Exercise brief:
This exercise requires an exact output of the listing, images omitted.

Dataset content:
----

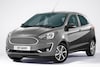 Ford Ka+ facelift en Ka+ Active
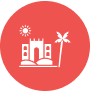 The Grand Palms LOGO The Grand Palms LOGO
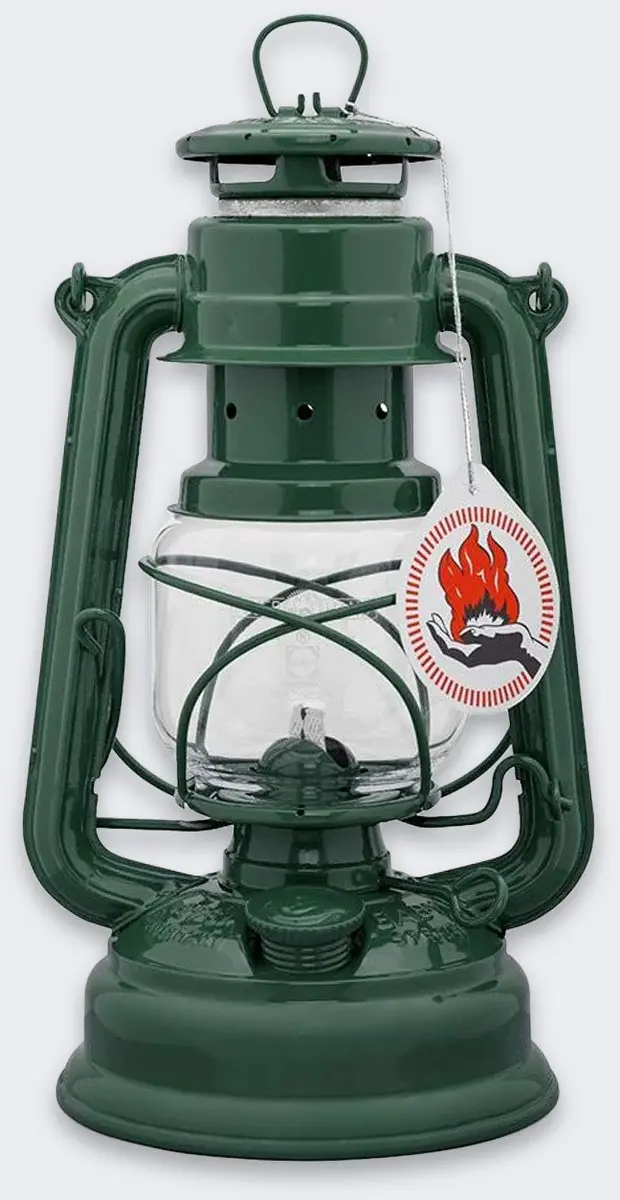 Degvielas laterna kempingam Feuerhand Baby Special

----

Answer:
 Ford Ka+ facelift en Ka+ Active
 The Grand Palms LOGO The Grand Palms LOGO
 Degvielas laterna kempingam Feuerhand Baby Special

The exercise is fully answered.